*Aim of the exercise*: Your task is to copy exactly the lines from the line containing "Рисовая каша - продукт" through the end of the listing below, with pictures left out.

*The data*:

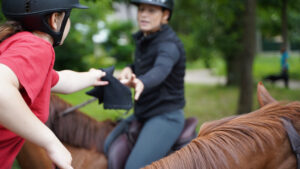 maisons-laffitte,65km foret,carrieres Jumping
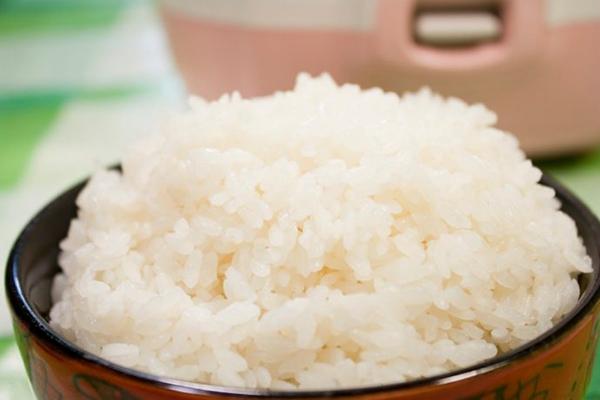 Рисовая каша - продукт диетического питания для собаки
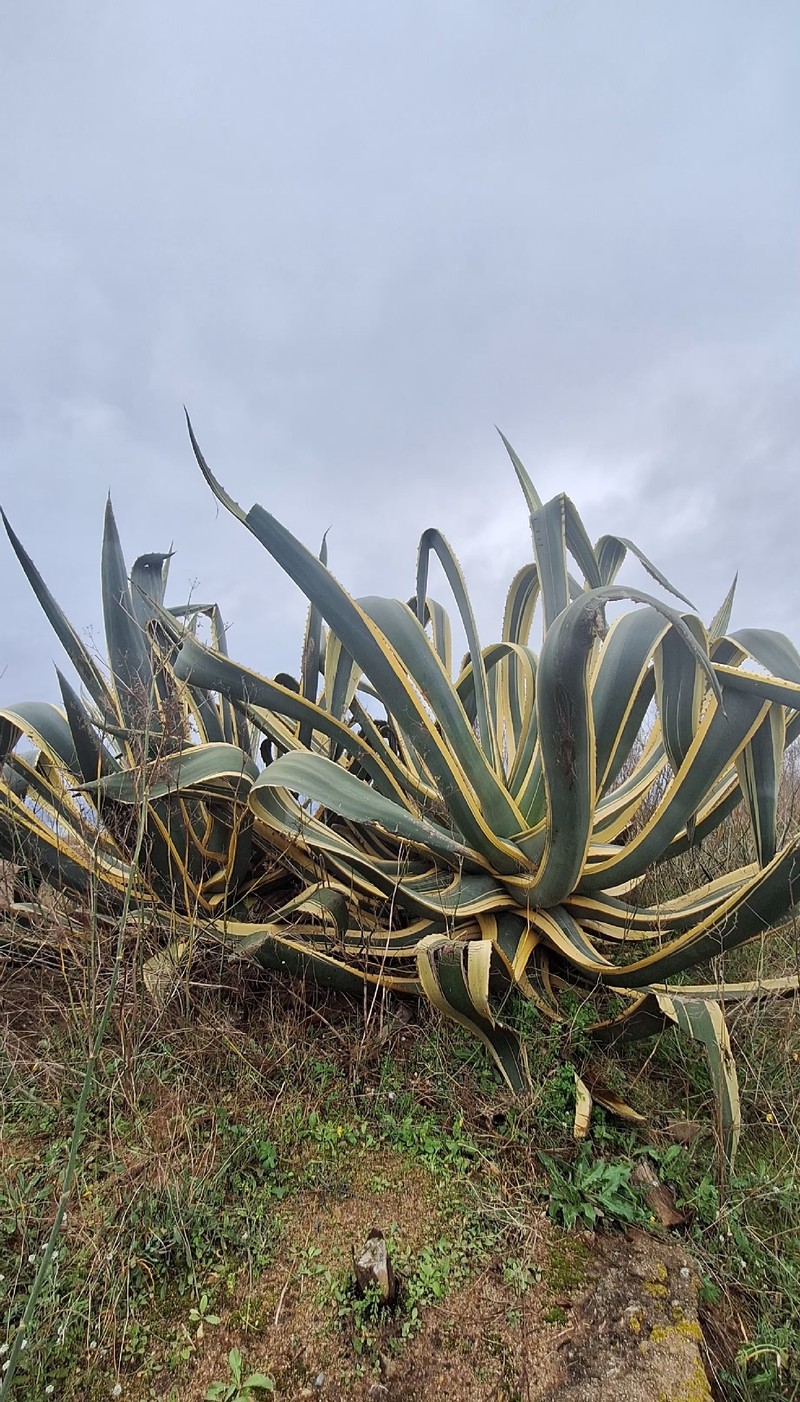 Agave americana subsp. americana photo 3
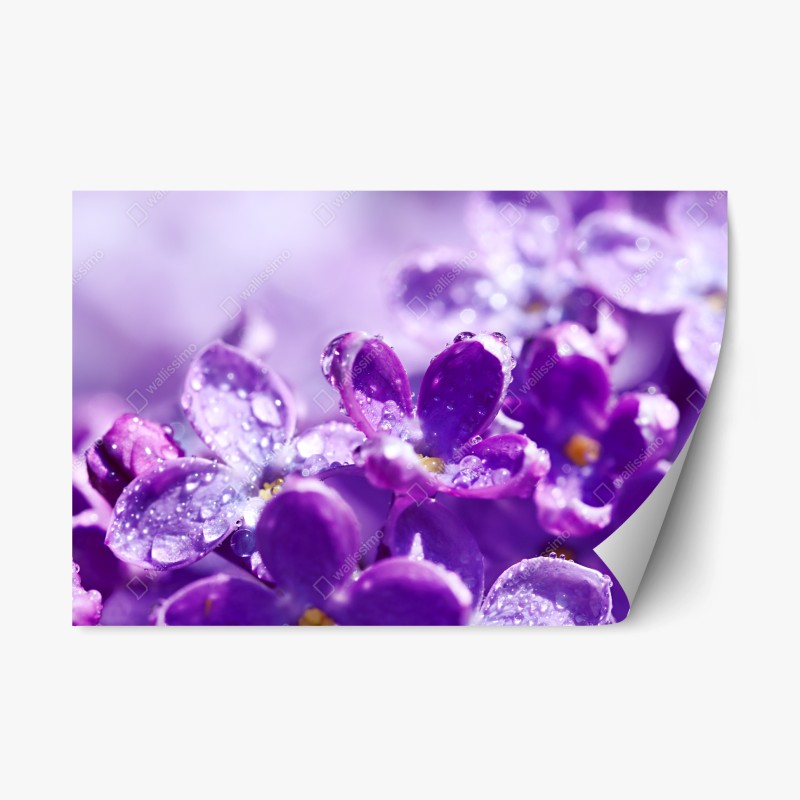 Adesivo riposizionabile fiori di lillà in rugiada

*Your solution*:
 Рисовая каша - продукт диетического питания для собаки
 Agave americana subsp. americana photo 3
 Adesivo riposizionabile fiori di lillà in rugiada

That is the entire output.